I’m terribly sad and more than a little angry for another reason today, though. I woke up this morning, got the kids off to school, and settled in to catch up on the day’s news with my coffee. My coffee which I just happen to drink out of an NFL-licensed mug. There I saw the news that the New England Patriots had under-inflated 11 of their 12 allotted footballs during the game against my Indianapolis Colts. In other words, you have evidence that the Patriots cheated.
It’s been a rough year, eh? I know. I’ve been watching. I’ve kept my mouth shut and my opinions to myself. Until now. The sexual assaults. The child abuse. The domestic violence. It’s shameful and it needs to stop. My kids know that I love football and they know how your league has struggled with these issues. They know I’ve struggled as a fan, too. They know because we talk about it over dinner. We talk about what’s right, what’s wrong, what the consequences of these deplorable actions have on a person’s reputation and career. We talk about the responsibility we have as consumers, when we support a brand and its representatives whose actions don’t line up with our values.
And yet, myopic as it may be, these issues haven’t affected my personal decision to support the NFL, or to encourage my kids to embrace the game. These issues are personal choices, made by individual players, that do not affect the integrity of the game. These issues are ones I can feel confident in using as teachable moments for my kids, where they can see negative results as a consequence of making poor choices. I can tell my kids that you can’t hurt people in this manner. It is against the law, and you will be punished. In short, I got this.
Cheating, on the other hand, may very well be the last straw. Kids understand cheating. We can all relate to cheating, because everyone one of us has at least been tempted. There are so many life lessons I’m trying to impress on my kids, but this is one of the most important: to be honest and to do the right thing, especially when no one is watching over you to make sure you do so.

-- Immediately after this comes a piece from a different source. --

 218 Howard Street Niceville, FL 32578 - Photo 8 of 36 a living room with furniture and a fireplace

When you cheat, it says to the world that you don’t believe in yourself, that you didn’t think you had it in you, that your need to be better trumps everyone else. I don’t understand how this is necessary in this league, with these players. If you can’t do it with one of the best quarterbacks of all time, surrounded by a group of insanely talented players? Then maybe it’s not your turn. Maybe you go back to the drawing board and come up with some new, crazy (but completely legal) plays. Maybe you train that much harder in the offseason. Maybe you research and analyze your way to a better draft. Maybe you come to training camp with fire in your belly. You know, like we want to teach our kids to do when real life knocks them down a rung or two: dust yourself off, take a good, hard look at why you failed, and do better next time.

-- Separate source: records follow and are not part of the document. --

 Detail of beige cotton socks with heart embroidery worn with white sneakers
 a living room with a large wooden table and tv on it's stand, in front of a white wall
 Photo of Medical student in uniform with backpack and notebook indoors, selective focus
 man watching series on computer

That’s why I’m writing you, Mr. Goodell. I’m imploring you not as a fan of the game, but as a parent. Do not let this opportunity pass you by to make a statement to everyone who plays in this great league: cheating will not be tolerated under any circumstances.
If you glorify the cheaters by looking the other way, or with a slap on the wrist, or a fine that amounts to pennies from their pocketbooks? Your actions speak loud and clear to this future generation of NFL fans. They may be young, but they’re not naive or stupid. They’ll understand very clearly that cheating, while generally frowned upon, can be justified if the end result means winning. Playing by the rules, guiding yourself with integrity? That’s for chumps, man. Not champions.
I do not want to teach my kids that the decision on whether or not to cheat lies solely in determining the return on that shady investment. Is it worth it? I want the answer to always, unequivocally, be no.
You’re worried about whether parents are going to let their sons play football, Mr. Goodell? You need to be more concerned about whether or not we’re going to let them watch football.
If you turn your eye from this issue because it’s complicated, because it looks bad for the league, because everyone does it to some extent, or because this particular team and these players are the poster boys for what a successful franchise looks like, shame on you. It’s a disservice to the hundreds of honest men you employ, who put their bodies and careers on the line every game for the sole purpose of our entertainment.
You see, that’s just what it is – entertainment. As much as I love the NFL, as much as my Sundays, Mondays, and Thursdays from September to January revolve around your product, I have no problem walking away if these shenanigans continue. I have better things to do with my time, and I surely have better choices in entertainment that don’t send mixed messages to my kids.
I know you won’t see this letter, and even if you did, I’m pretty sure you don’t really care. I’m just one mom, just one measly fan. That’s fine. Keep this in mind, though. This one measly fan is known for her love of football. I can just as well be known for my disapproval of it. This one measly fan has influence on the potential little fans in her home. This one measly fan has income that she often chooses to spend with the NFL. This one measly fan has interacted with lots of other measly fans in the last few days that feel the exact same way. And just as slowly and subtly as you can deflate a football, you can suck the enthusiasm right out of your once mighty and loyal fan base.